Brief -> With pictures left out, set down exactly the lines that begin at the one containing "Ribuan Jemaah Salat..." and end with the last line of the entries below.

Dataset entries ->
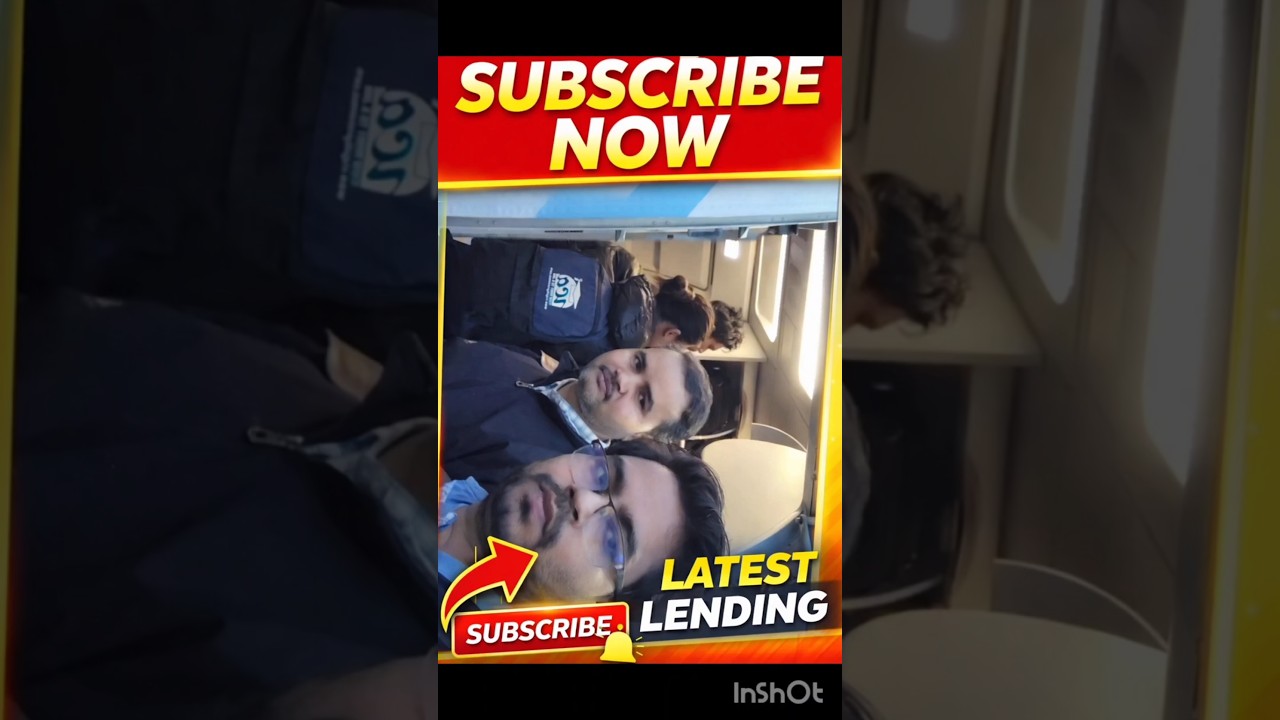 Pilot View Landing at Delhi Airport | 4K Plane Window View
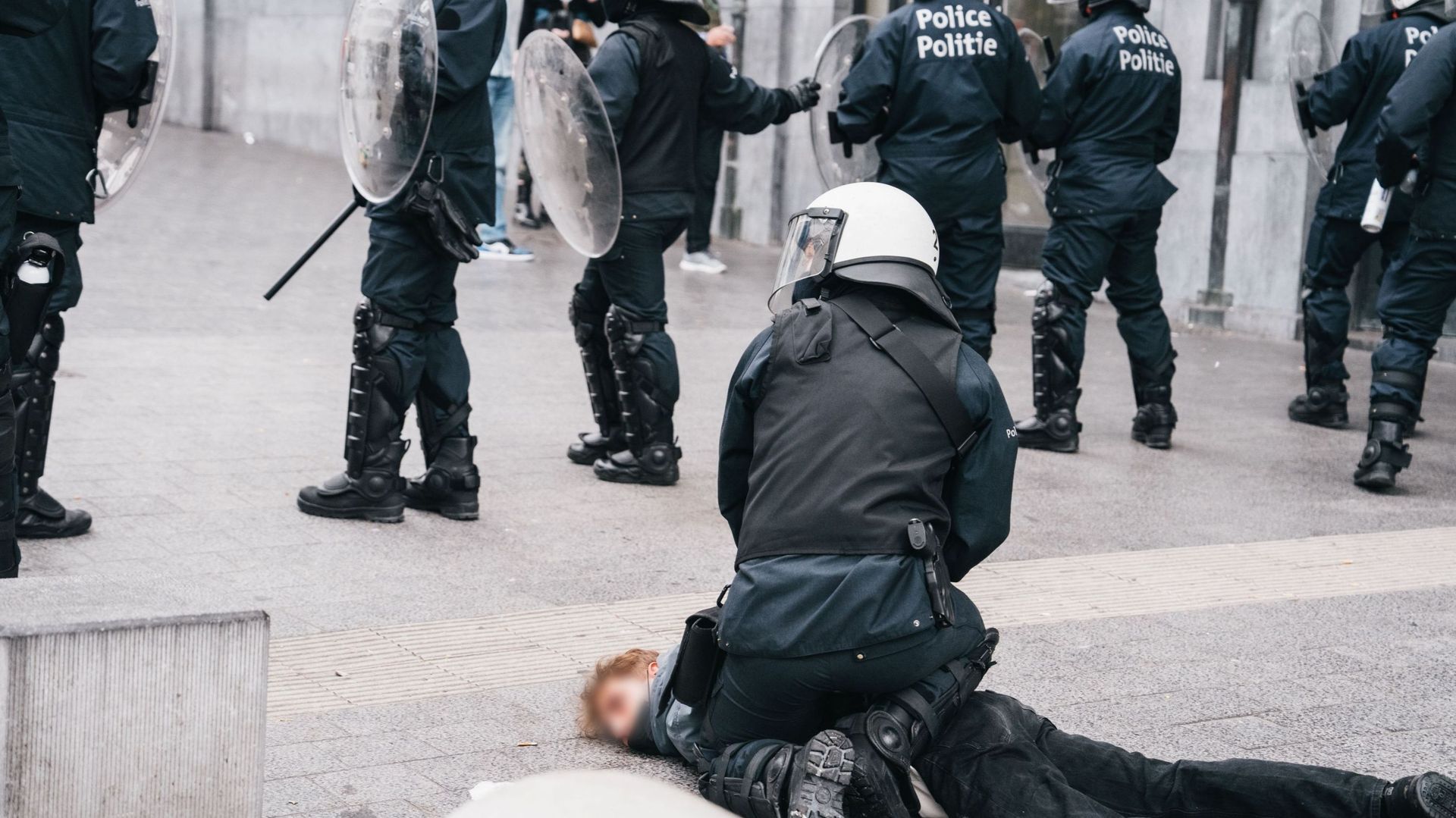 Incidents en marge de la manifestation nationale : 5 personnes arrêtées judiciairement, intervention de la police, que sait-on ?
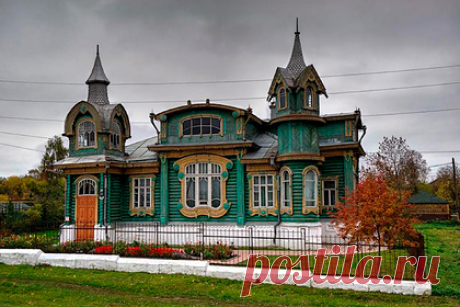 Для двух исторических российских городов разработают программу развития туризма. Для двух российских городов во Владимирской области разработают программу развития туризма — позже они войдут в туристическую маршрутную сеть региона. Так, в Муроме и Гороховце появятся инженерная и дорожная инфраструктура, новое уличное освещение, инста-точки, ресторанная сеть, указатели и информационные таблички.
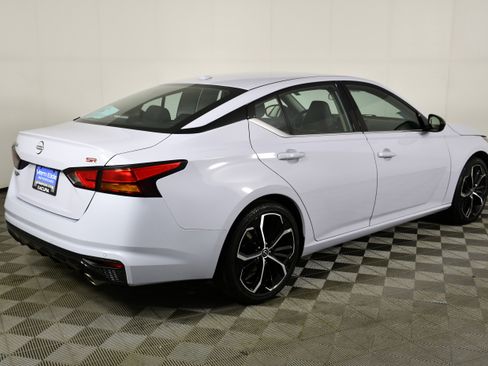 Used 2024 Nissan Altima 2.5 SR FWD image 6
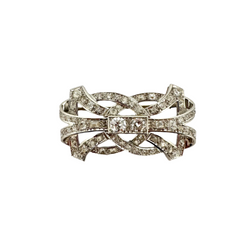 Broche plaque en platine, or blanc et diamants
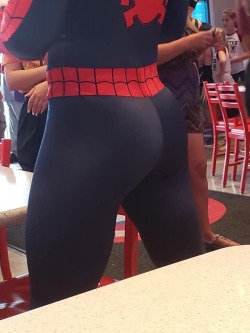 spidermanfetish87:  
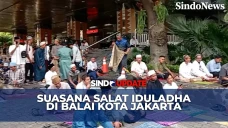 Ribuan Jemaah Salat...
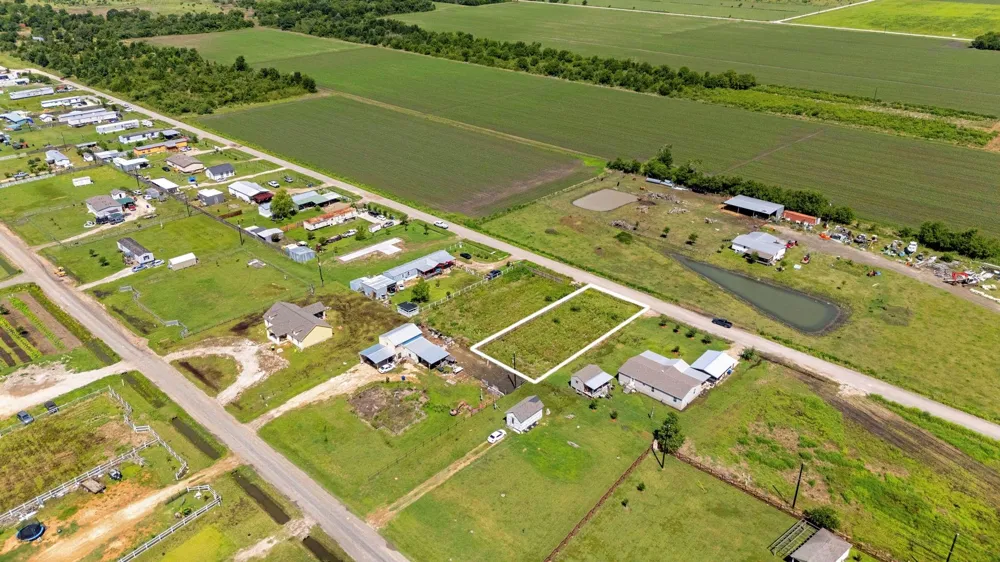 1061 Fm 2919 Road Kendleton, TX 77417
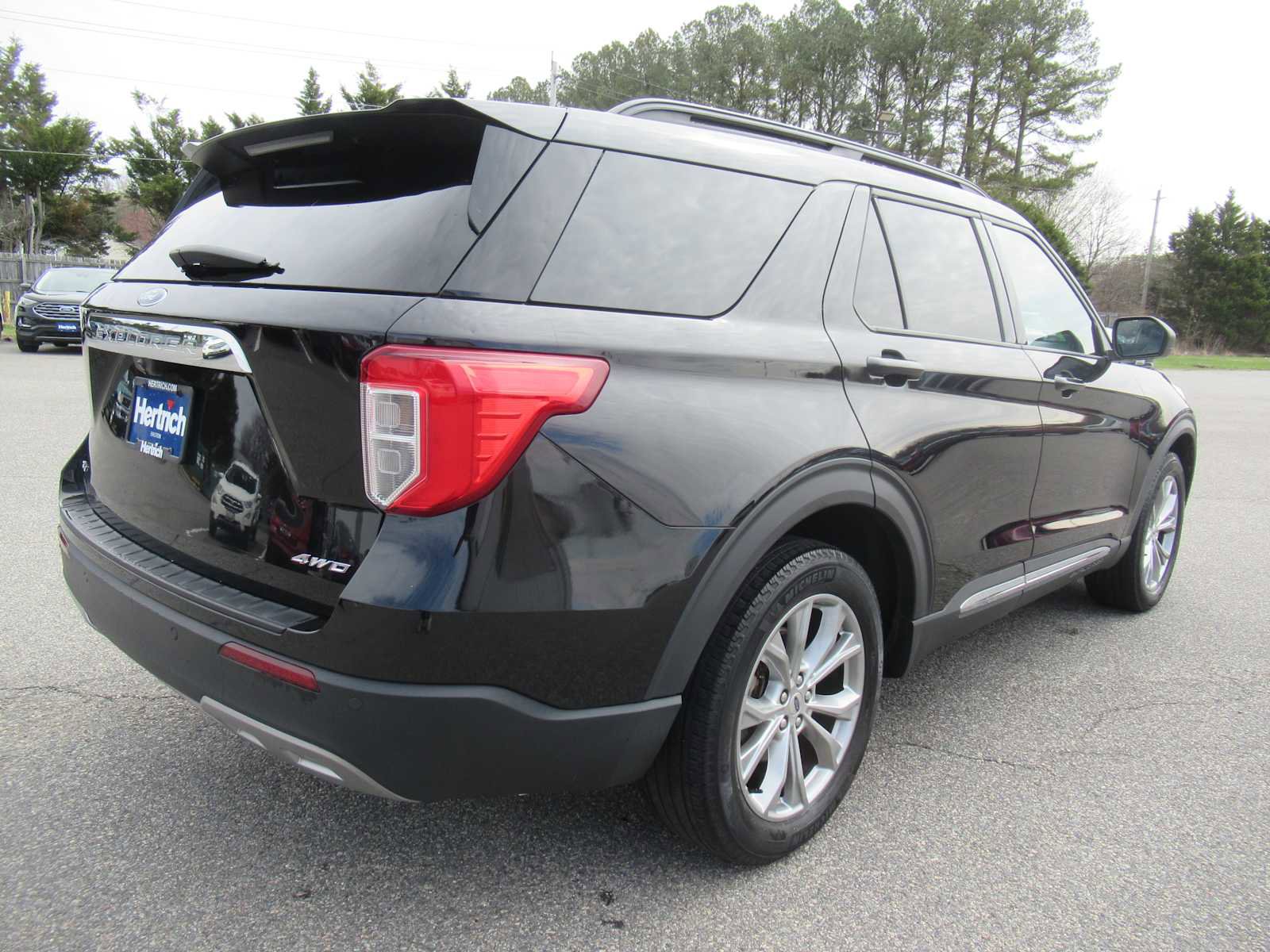 Used 2022 Ford Explorer XLT w/ Equipment Group 202A image 5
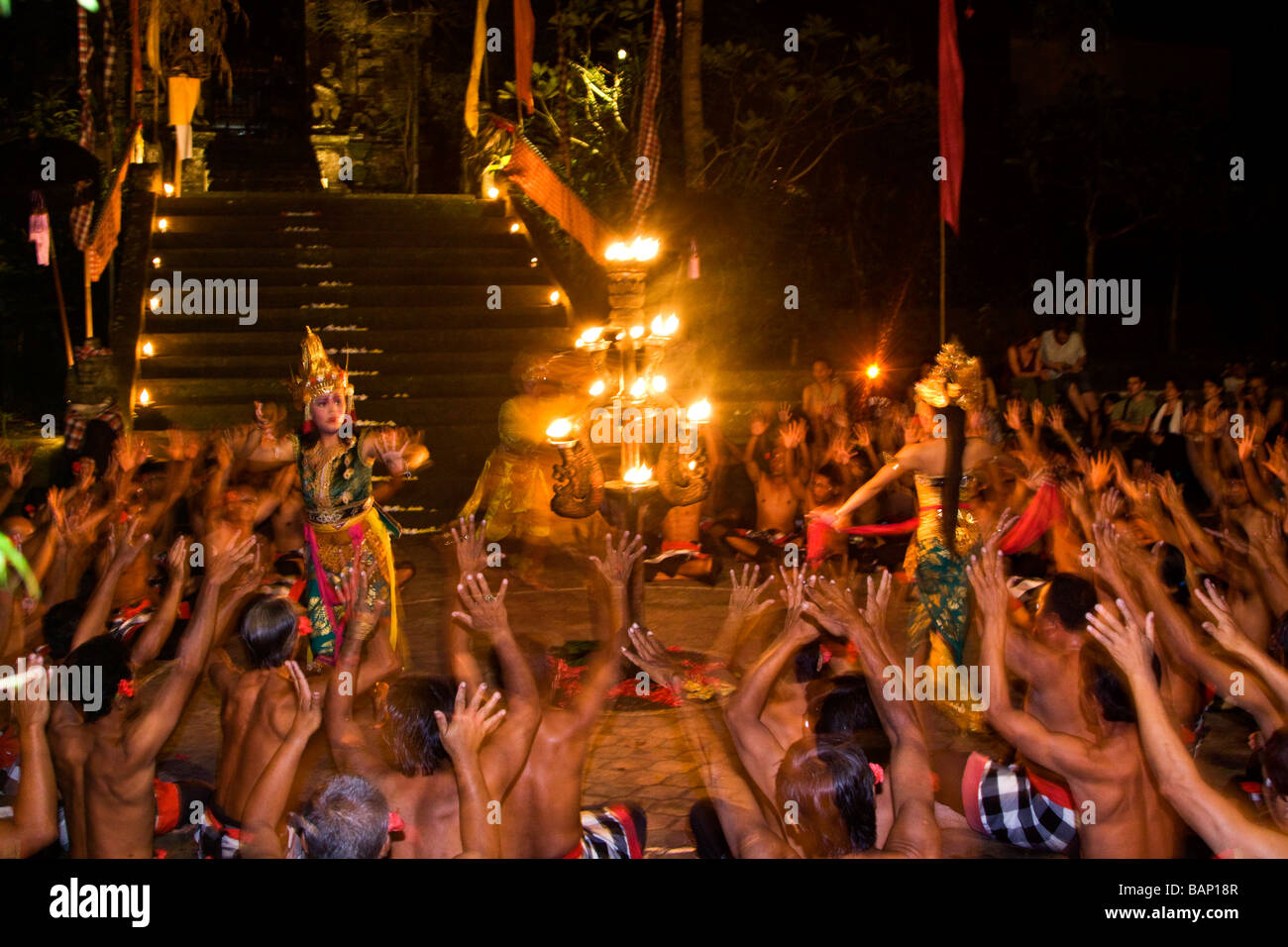 Kecak dance à Ubud Bali Indonésie Banque D'Images Kecak dance à Ubud Bali Indonésie Banque D'Images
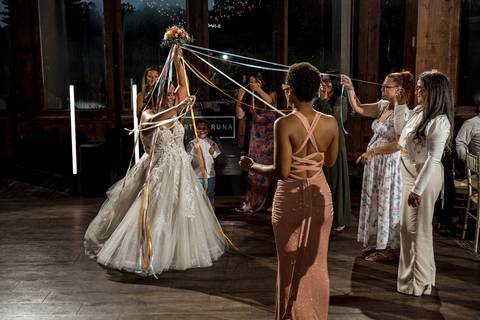 From choreographed moves to spontaneous laughter, the reception at Heritage Hotel turned into an epic celebration full of unforgettable dance floor moments.
Wedding photographer in CT
Vanessa Trettel Photography
wedding photos idea'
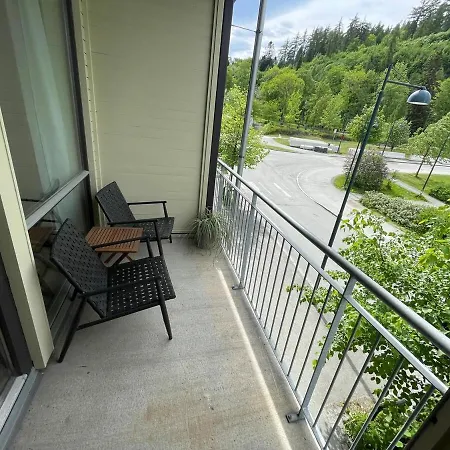 Cozy 1-bedroom In Quiet Ilsvika شقة *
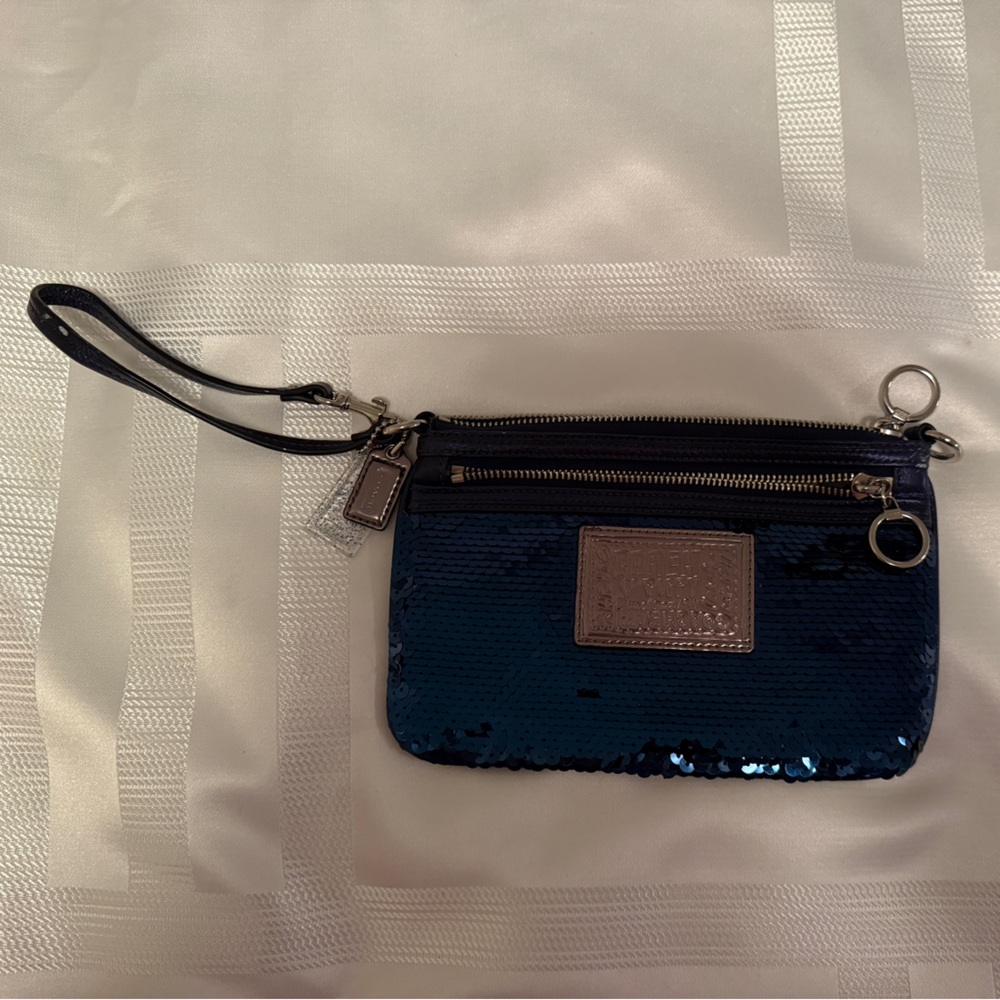 NWOT Coach Poppy Navy Sequin Wristlet with Silver Details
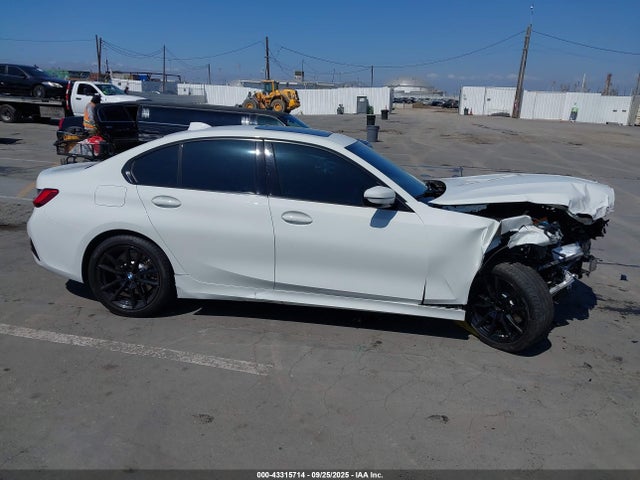 3MW5R1J00L8B18945 BMW 330I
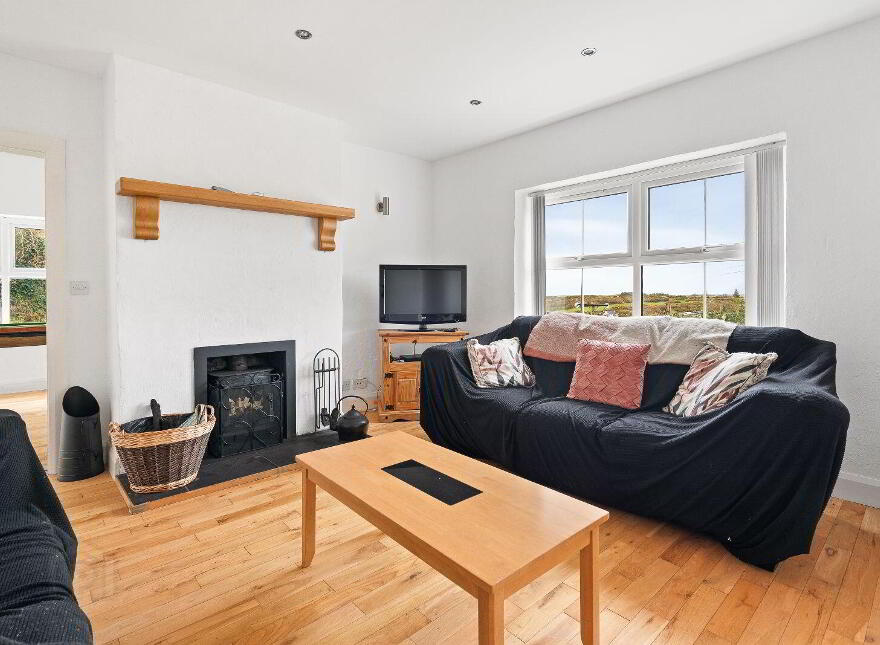 Coolback, Kindrum, Fanad, F92D7Y4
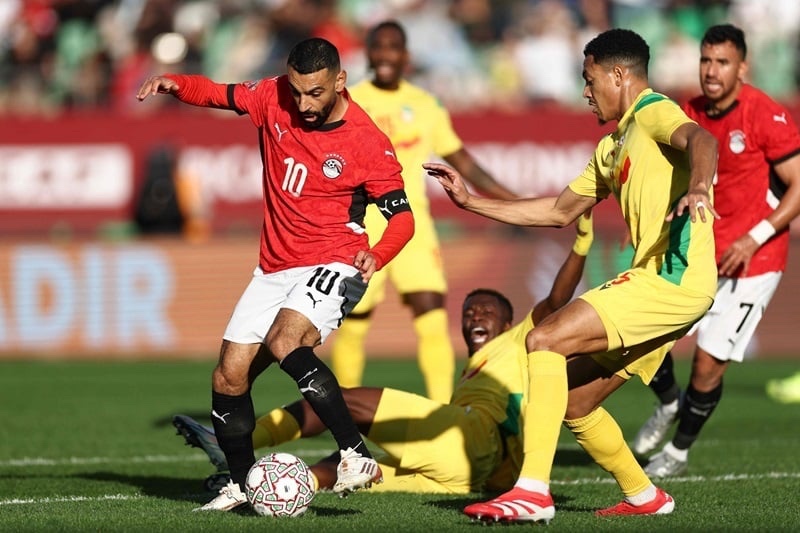 "الفراعنة" يتفوقون على "سناجب بنين" ويعبرون لربع نهائي أمم إفريقيا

Solution to the exercise ->
 Ribuan Jemaah Salat...
 1061 Fm 2919 Road Kendleton, TX 77417
 Used 2022 Ford Explorer XLT w/ Equipment Group 202A image 5
 Kecak dance à Ubud Bali Indonésie Banque D'Images Kecak dance à Ubud Bali Indonésie Banque D'Images
 From choreographed moves to spontaneous laughter, the reception at Heritage Hotel turned into an epic celebration full of unforgettable dance floor moments.
Wedding photographer in CT
Vanessa Trettel Photography
wedding photos idea'
 Cozy 1-bedroom In Quiet Ilsvika شقة *
 NWOT Coach Poppy Navy Sequin Wristlet with Silver Details
 3MW5R1J00L8B18945 BMW 330I
 Coolback, Kindrum, Fanad, F92D7Y4
 "الفراعنة" يتفوقون على "سناجب بنين" ويعبرون لربع نهائي أمم إفريقيا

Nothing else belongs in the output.